Note: We considered allowing users to pass multiple objects to hash_as_bytes, and having it treat them as a single long byte array, optimizing cases where objects are adjacent. However, because fast hash functions operate block-at-a-time, this would be difficult to implement without either copying data or changing the resulting hash value.

It would be possible to perform the above optimization automatically inside some calls to hash_combine() where arguments are adjacent and appropriate sizes, but Austin Appleby believed this was likely to surprise people, so we have a way for users to request it explicitly.

The `hash_code` type

The authors of this paper initially believed that having all intermediate hash values bottleneck through size_t would increase the collision rate and reduce performance. Geoff Pike and Austin Appleby agreed that size_t does increase the collision rate and reduce performance slightly, but not enough to justify the extra complexity of avoiding it. So, algorithmically, it would be fine to have all hash functions return size_t.

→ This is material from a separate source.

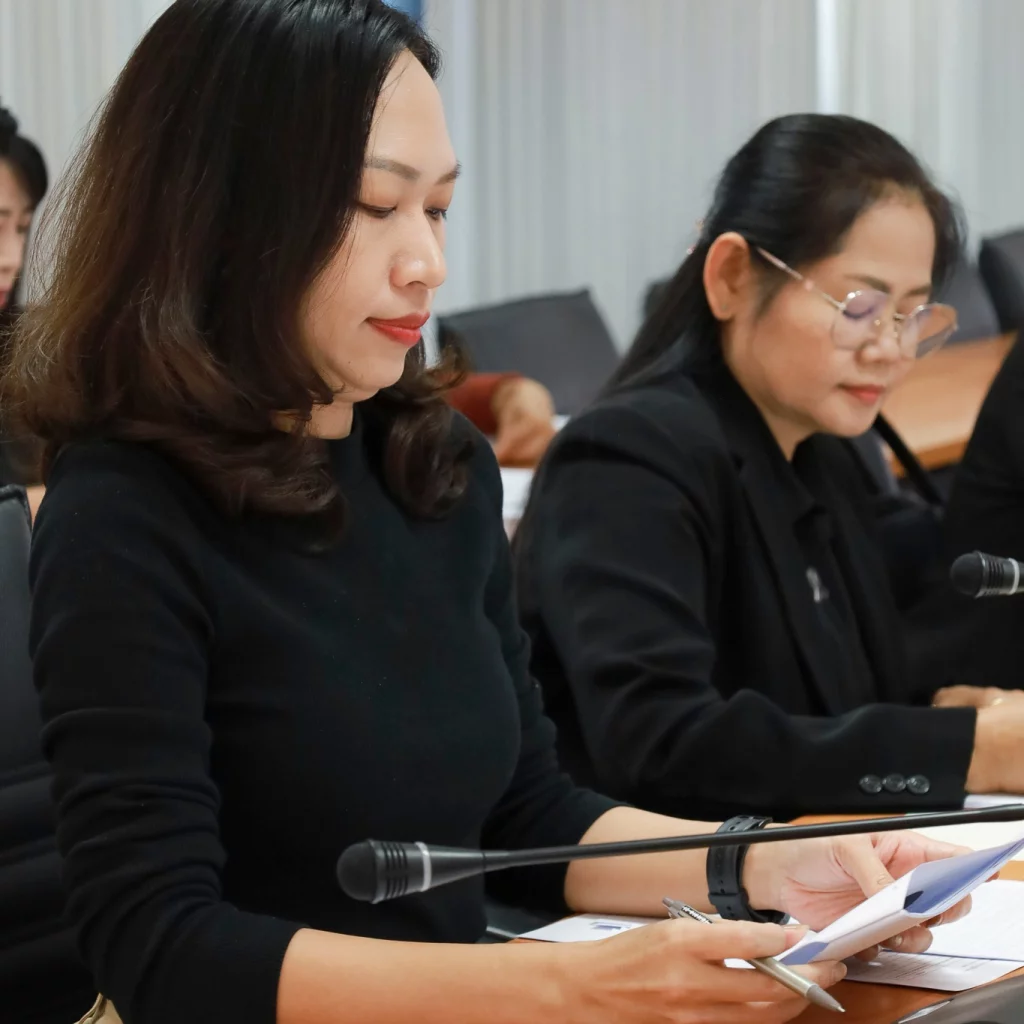 616826953 1448518500618783 7329161228135789152 n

However, Austin argued that "if hash() doesn't behave like a function in the mathematical 'y = f(x)' sense due to the intentionally unstable implementation, then hash_code should not behave like a number and should be as opaque as possible" in order to avoid user confusion. We've decided to have the three hash utility functions return a new hash_code object:

namespace std {
  class hash_code {
    // Implementation-specific state; probably size_t.
  public:
    // For compatibility with existing hash functions
    hash_code(size_t value);
    // Copyable, assignable.
    hash_code(const hash_code&);
    hash_code& operator=(const hash_code&);
    // Explicit conversion to size_t.
    explicit operator size_t() const;
  }
  bool operator==(const hash_code&, const hash_code&);
  bool operator!=(const hash_code&, const hash_code&);
  hash_code hash_value(const hash_code&);
}

For backward compatibility with existing hash tables using std::hash<T>, its operator() still needs to return size_t.

Future work

A single hash function that's easy to implement isn't enough for all use cases. The standard library should offer a collection of stable Fingerprint algorithms so that users can share their results between different implementation, and get more specialized characteristics in the output. These algorithms need a way to traverse user-defined types, and the above hash_value() function doesn't directly generalize. It is outside the scope of this paper to discuss approaches to generic fingerprinting algorithms.

Acknowledgements

Thanks to Geoff Pike (the author of CityHash) and Austin Appleby (the author of MurmurHash) for providing expert guidance. Thanks to Lawrence Crowl, Matt Austern, and Richard Smith for helping with the C++ interfaces and editing this paper.